Brief
Starting with the line that has "2020 Ford Explorer" and finishing with the line that has "Peugeot LANDTREK Active", set down each line below exactly. Pictures are not copied.

Given entries
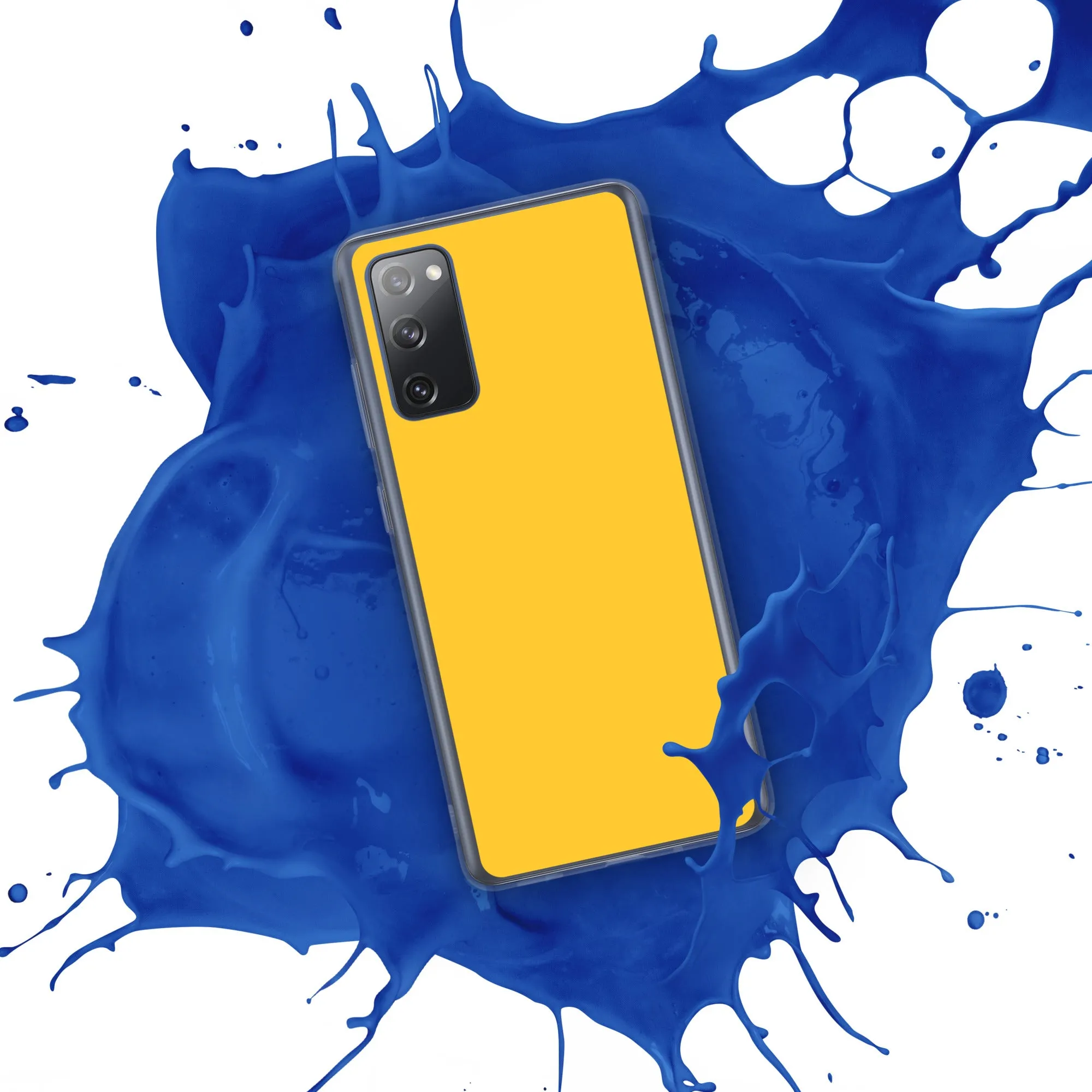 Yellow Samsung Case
* * *
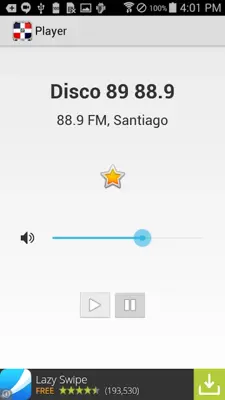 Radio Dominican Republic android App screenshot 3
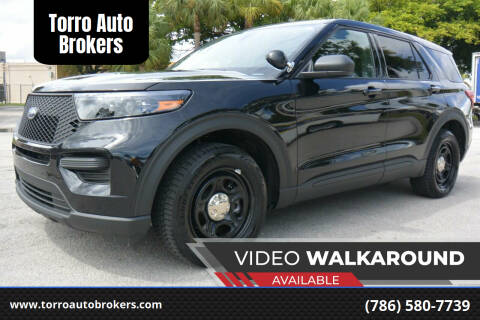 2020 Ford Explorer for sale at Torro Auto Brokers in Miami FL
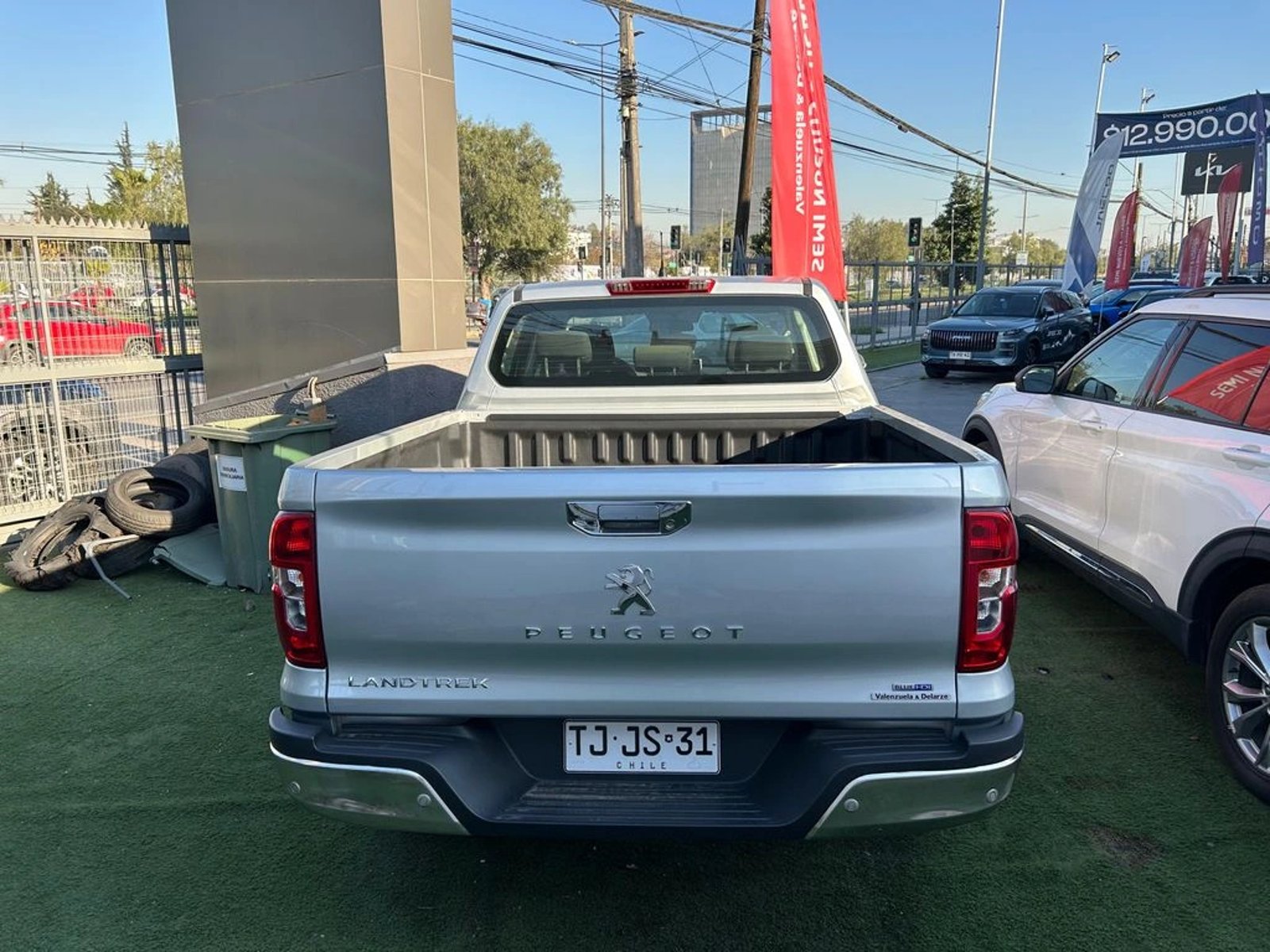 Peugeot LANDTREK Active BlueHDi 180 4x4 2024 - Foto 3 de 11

Result for this task
 2020 Ford Explorer for sale at Torro Auto Brokers in Miami FL
 Peugeot LANDTREK Active BlueHDi 180 4x4 2024 - Foto 3 de 11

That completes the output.